Leaving the peace and tranquility of the Grove, we traveled on to the Sunrise Visitor Center up a 10 mile exhilarating, curvy road with hair-pin turns and lots of wiggles.  And it was my day to drive!  YEE-HAW!  We reached the center’s parking lot and planned to do another lengthy hike to end our day, but we hadn’t taken into consideration the 6400 ft elevation.  After huffing and puffing on a short little walk, we realized we needed to back off, sit a while, and enjoy the view.  Mount Rainier again put on a show with the sun beginning to sink behind it.  True, it would have been wiser to start our day at Sunrise and watch Rainier light up with the morning sun, but maybe next time.

The setting sun at Sunrise

We stopped in Enumclaw, a delightful little city with a quaint downtown with several eateries.  We enjoyed a delicious meal at the Historic Mint Restaurant & Alehouse before heading back to the camper at JBLM.

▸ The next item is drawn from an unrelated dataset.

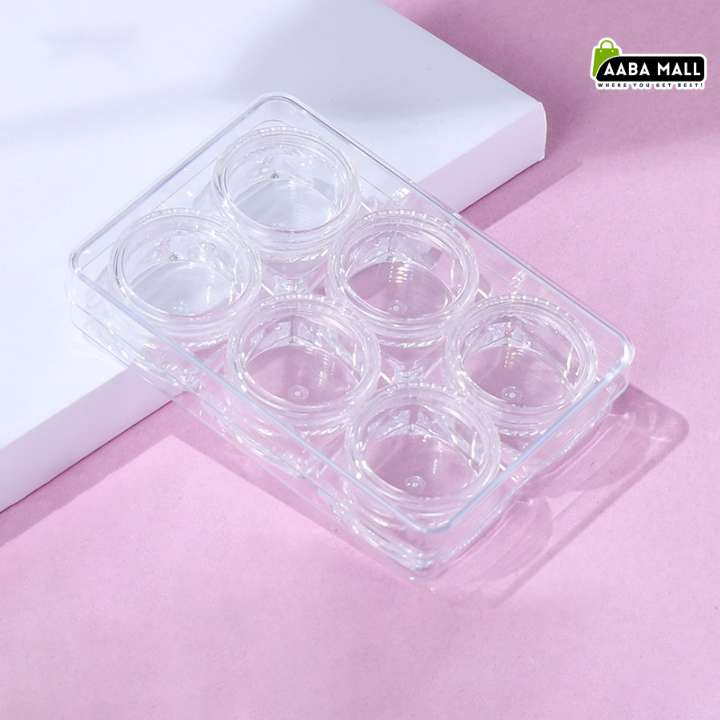 A clear plastic six-compartment tray, likely for contact lens packaging, resting on a white rectangular block against a soft pink background. An 'AABA MALL' logo is visible in the top right corner.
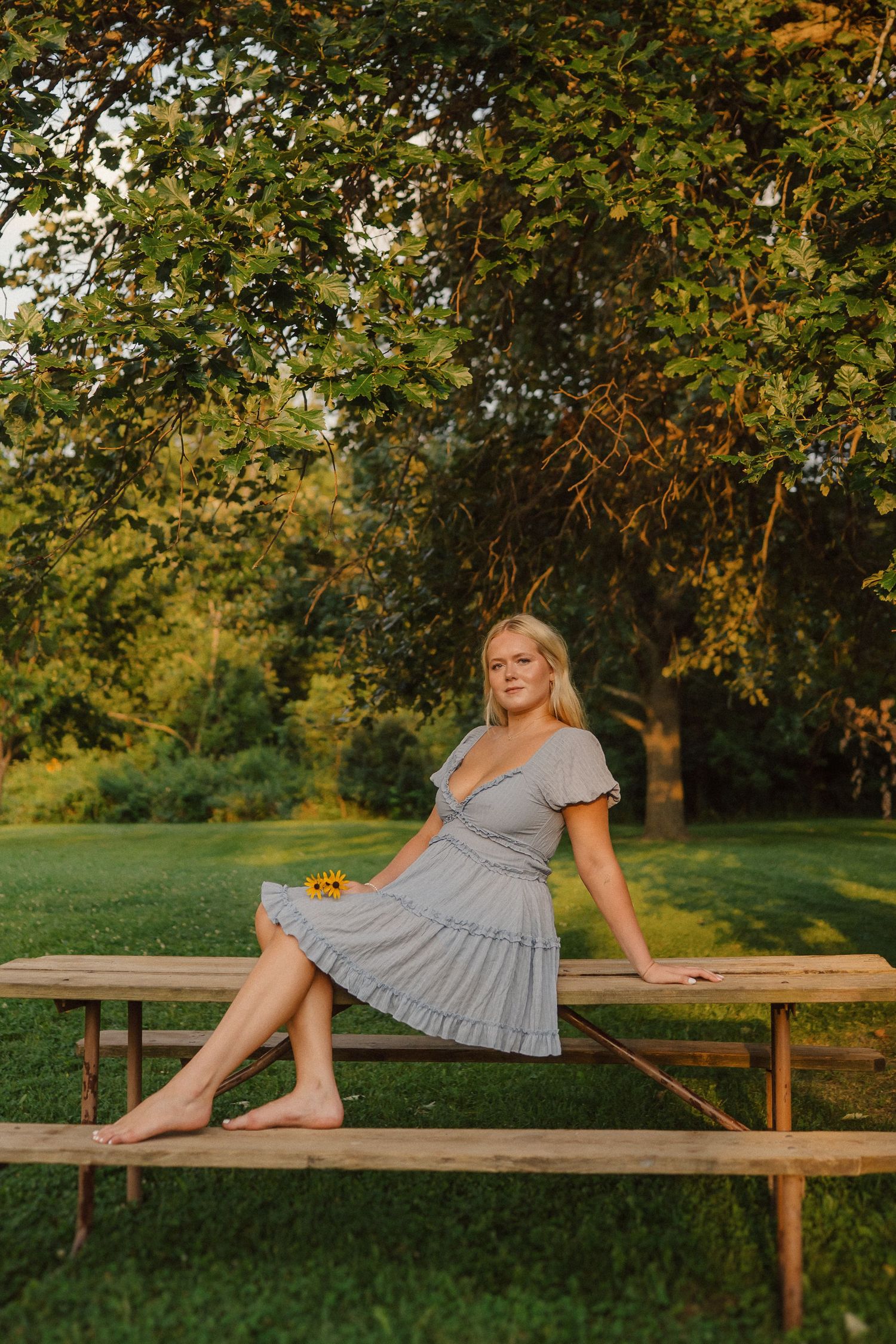 A person in a gray dress sits barefoot on a wooden picnic table surrounded by autumn trees at golden hour.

Mount Rainier National Park truly is the gem of the Pacific Northwest.  With its proximity to such a major metropolitan area, it is a mecca for those pursuing some outdoor activity.  Miles upon miles of hiking trails, ranger-led programs, camping, and mountain climbing, as well as, winter time activities such as skiing, sledding, and snowshoeing provide the basis for much memory making.

Rainier boasts 3 established campgrounds within the park.  They are all primitive sites (no hookups).  They do have water and 2 have dump stations and are best suited for tent campers or for small size RV’s or trailers.

Of course, the big attraction and the ultimate aim of most folks who look at Rainier on a daily basis is to reach the summit.  It is a lofty and challenging goal.  Over 10,000 people attempt it each year with only about 4,000 actually making it to the top.  Three of our sons climbed it the summer before.  Talk about stressful for us as parents!  But it wasn’t until we were there in the shadow of Rainier that we kept asking ourselves, “What was wrong with those three knuckleheads???  Did they realize how high that was???  They’re lucky they weren’t killed!!!”  Another instance where ignorance is bliss!

boys on rainier
The Houk boys conquer Rainier

If you are in the Pacific Northwest, a trip to Rainier is well worth your time.  You don’t have to be an avid hiker to enjoy the splendor and majesty of this mountain and the surrounding landscape.  It is truly a feast for the eyes.